*** Begin section ***

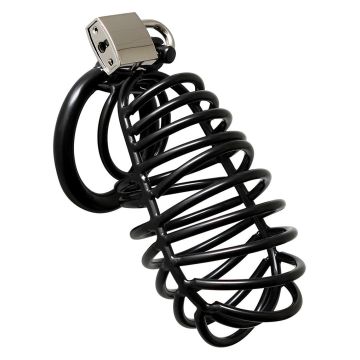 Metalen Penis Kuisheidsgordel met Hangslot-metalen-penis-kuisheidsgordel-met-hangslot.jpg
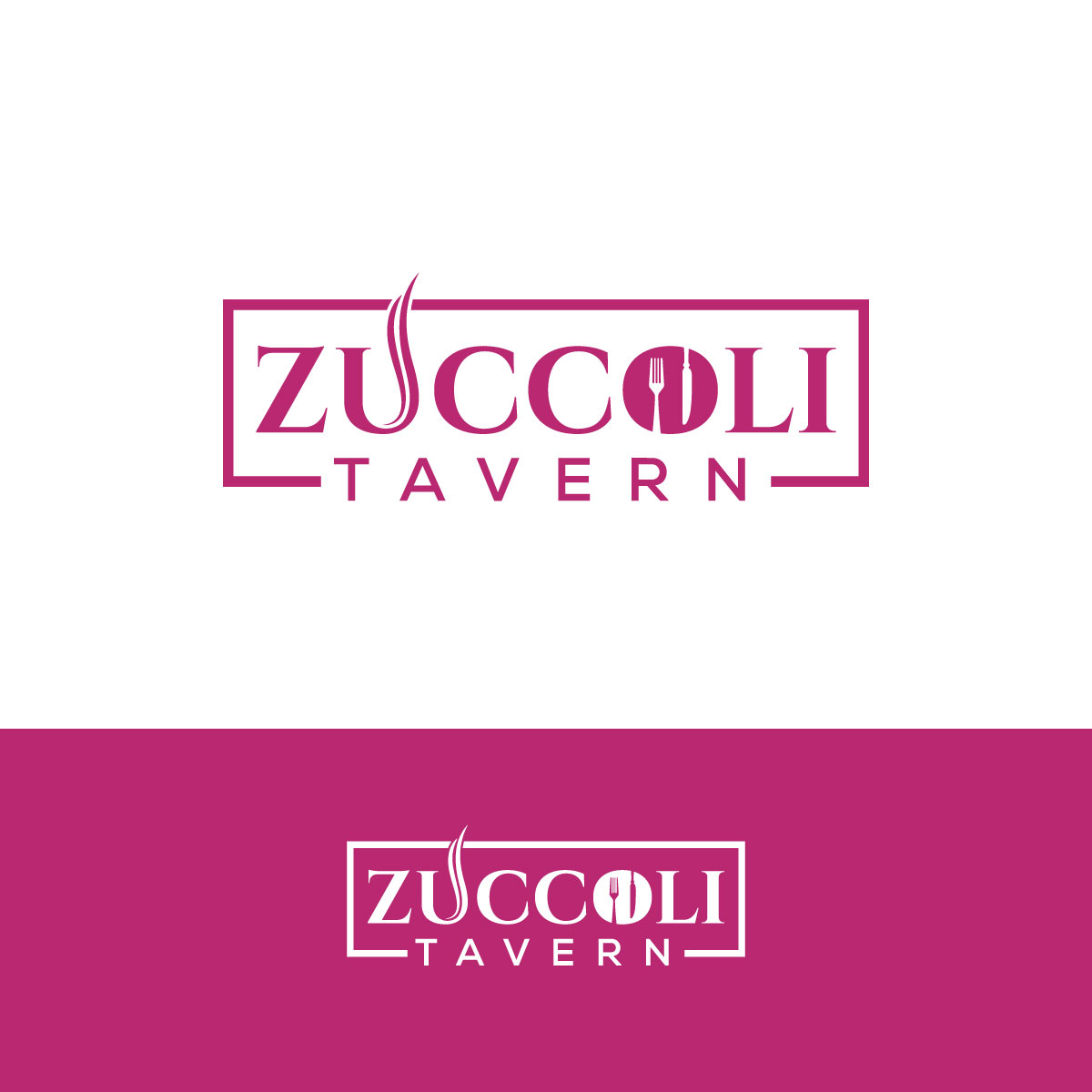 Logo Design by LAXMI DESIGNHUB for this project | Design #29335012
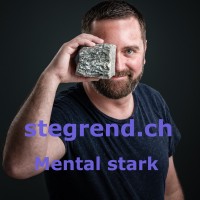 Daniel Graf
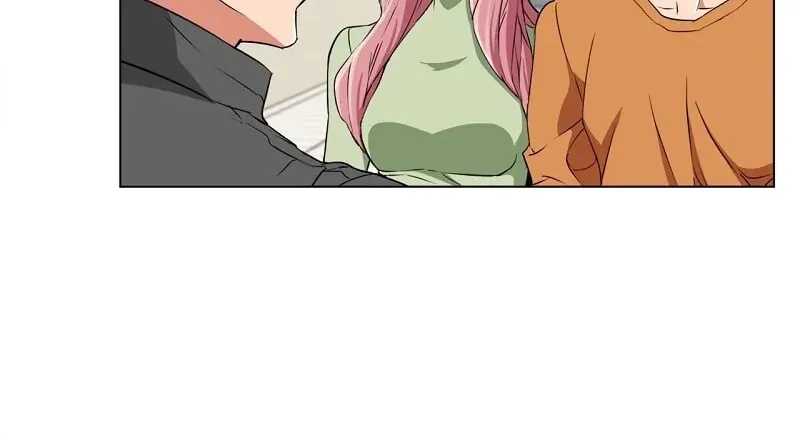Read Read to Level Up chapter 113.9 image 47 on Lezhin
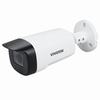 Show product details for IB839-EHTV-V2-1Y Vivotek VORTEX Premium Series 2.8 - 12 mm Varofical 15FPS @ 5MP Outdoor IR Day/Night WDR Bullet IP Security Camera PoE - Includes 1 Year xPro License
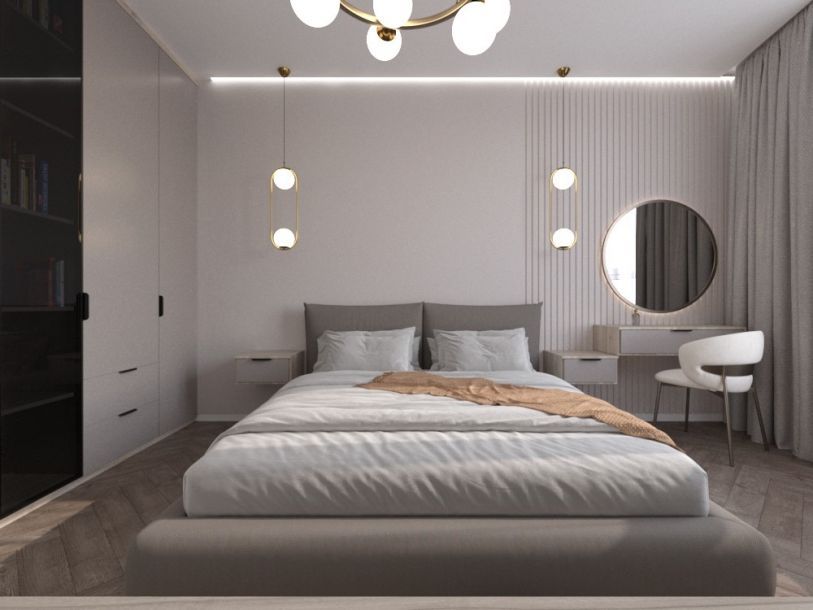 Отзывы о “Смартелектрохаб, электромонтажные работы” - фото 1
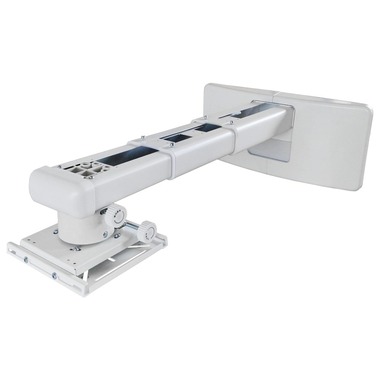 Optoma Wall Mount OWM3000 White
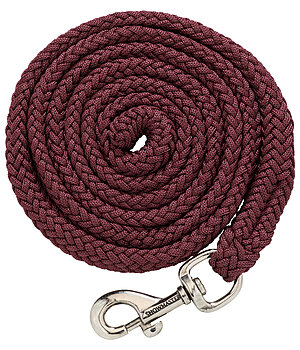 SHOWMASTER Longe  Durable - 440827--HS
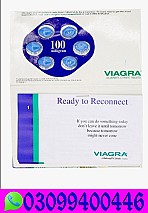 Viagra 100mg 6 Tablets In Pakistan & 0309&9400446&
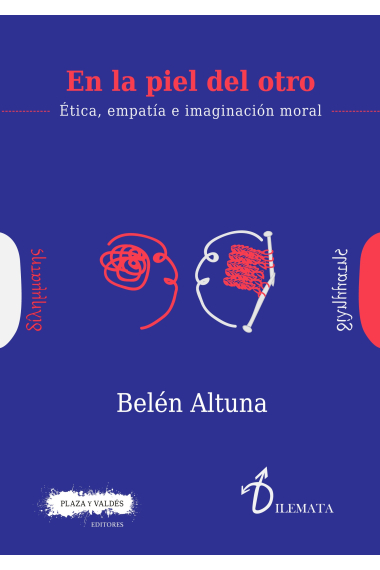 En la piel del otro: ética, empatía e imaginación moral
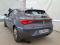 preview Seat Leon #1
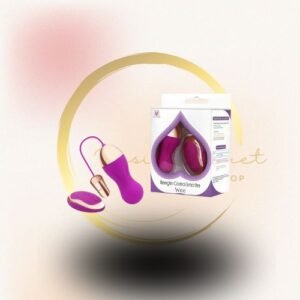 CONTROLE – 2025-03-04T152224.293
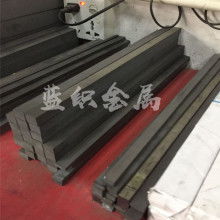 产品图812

*** End section ***
*** Begin section ***

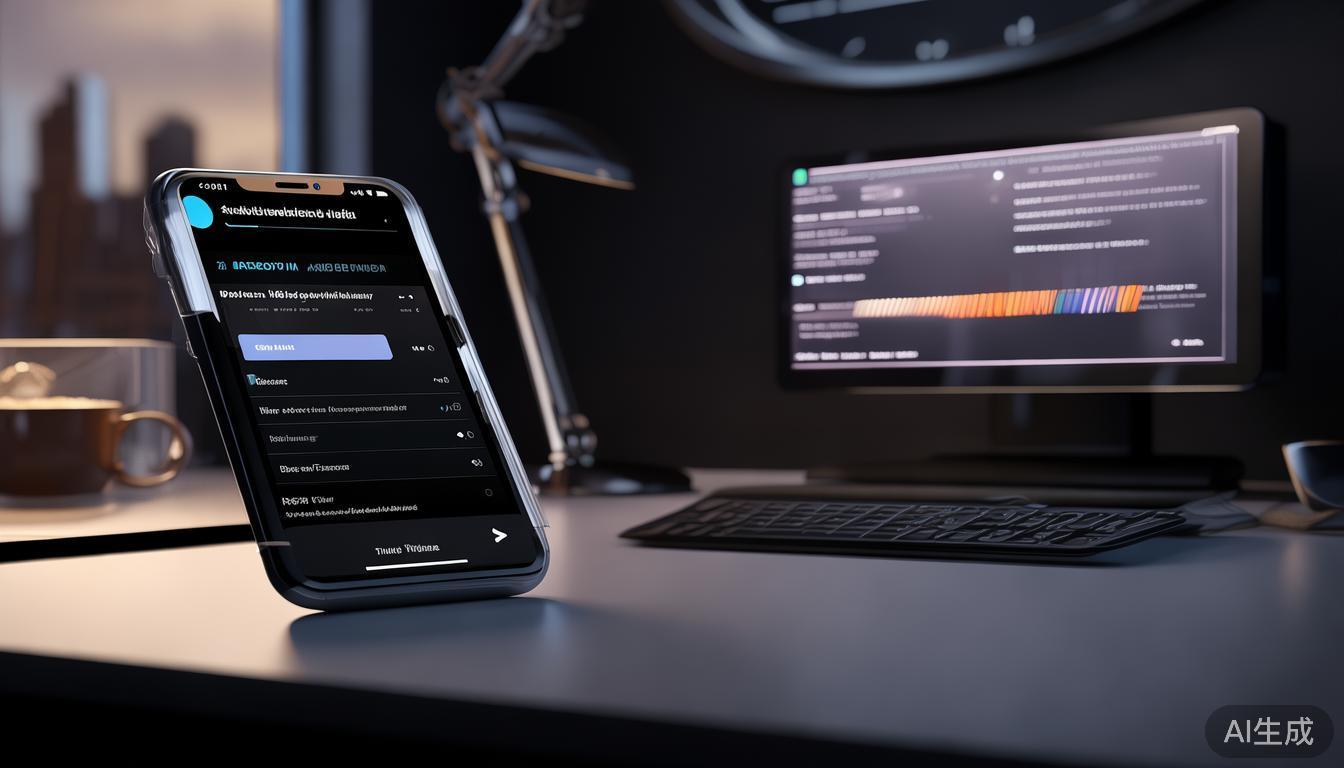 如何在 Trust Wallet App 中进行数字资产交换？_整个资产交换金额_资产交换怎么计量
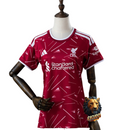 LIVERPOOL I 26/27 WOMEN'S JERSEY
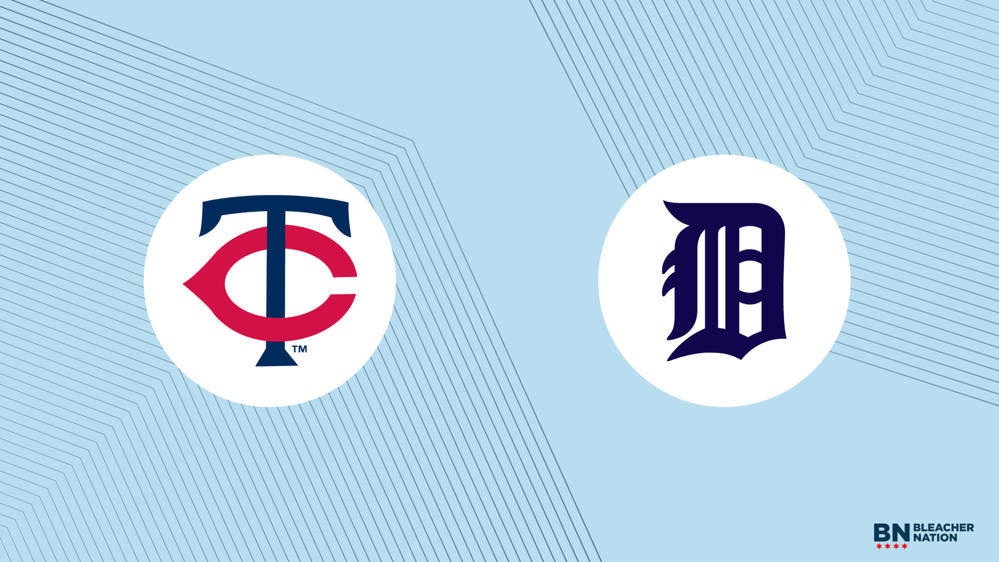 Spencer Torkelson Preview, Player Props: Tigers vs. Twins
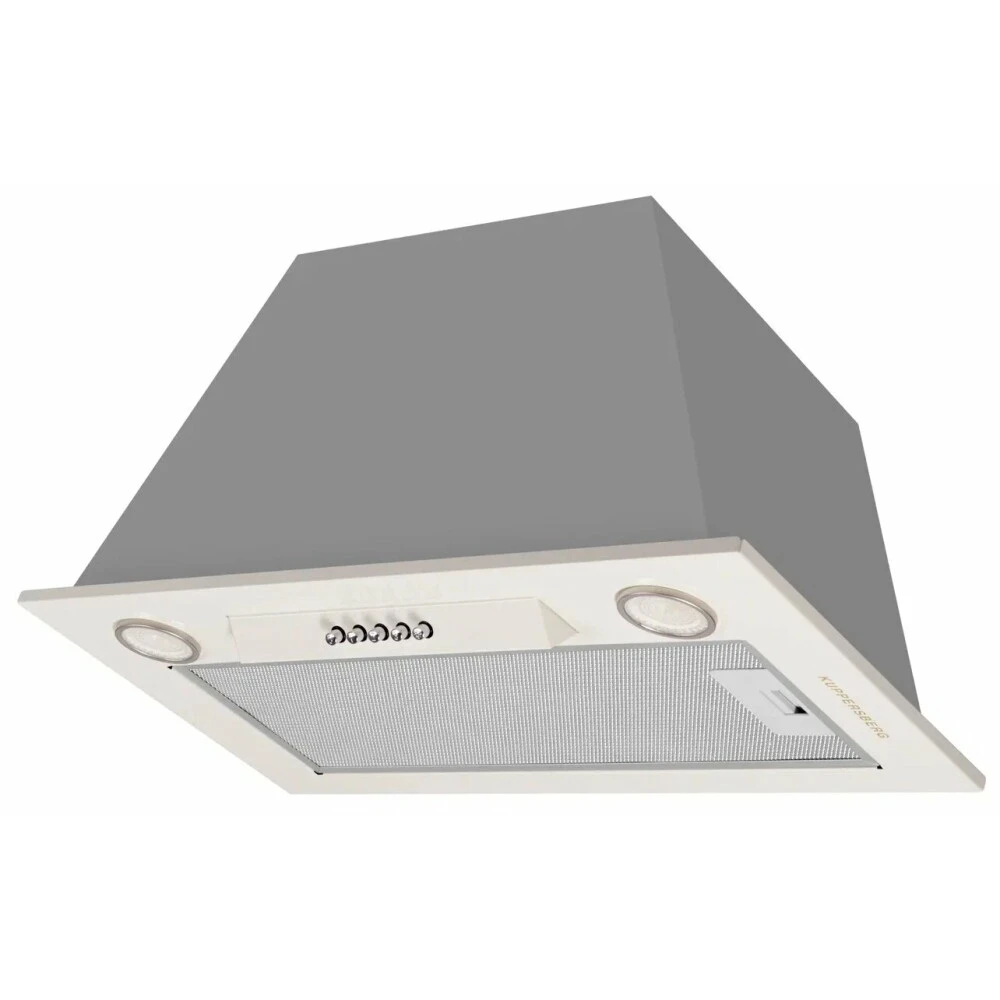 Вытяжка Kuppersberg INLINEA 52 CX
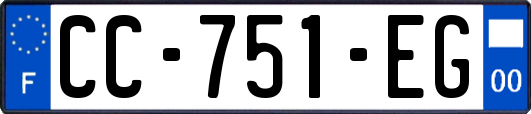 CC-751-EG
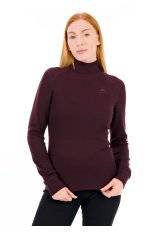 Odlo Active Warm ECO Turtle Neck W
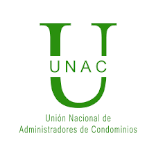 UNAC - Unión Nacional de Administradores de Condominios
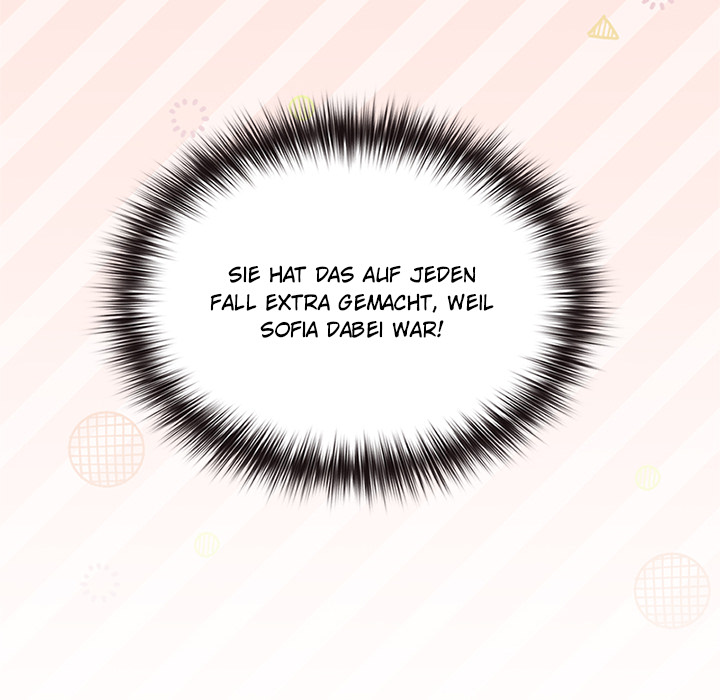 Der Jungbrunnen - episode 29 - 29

*** End section ***
*** Begin section ***

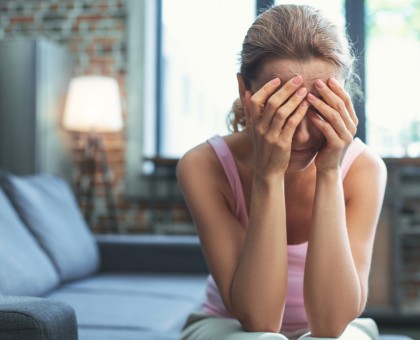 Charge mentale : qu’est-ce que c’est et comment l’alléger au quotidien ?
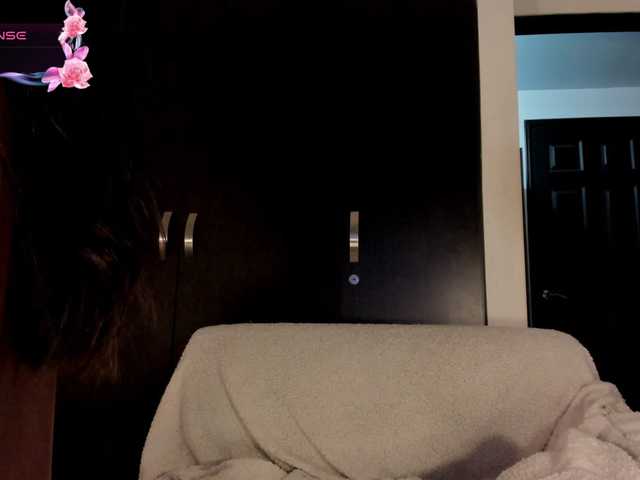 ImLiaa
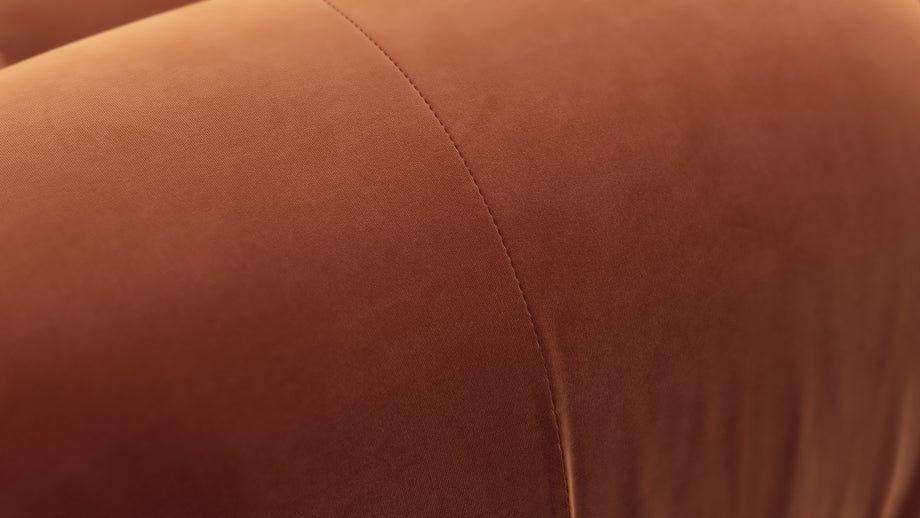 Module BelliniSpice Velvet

*** End section ***

> _Work task_: Both the line containing "Metalen Penis Kuisheidsgordel" and the line containing "Read Read to" above belong in the output, as do the lines between them. Print them exactly, without pictures.

> _Response_:
 Metalen Penis Kuisheidsgordel met Hangslot-metalen-penis-kuisheidsgordel-met-hangslot.jpg
 Logo Design by LAXMI DESIGNHUB for this project | Design #29335012
 Daniel Graf
Read Read to Level Up chapter 113.9 image 47 on Lezhin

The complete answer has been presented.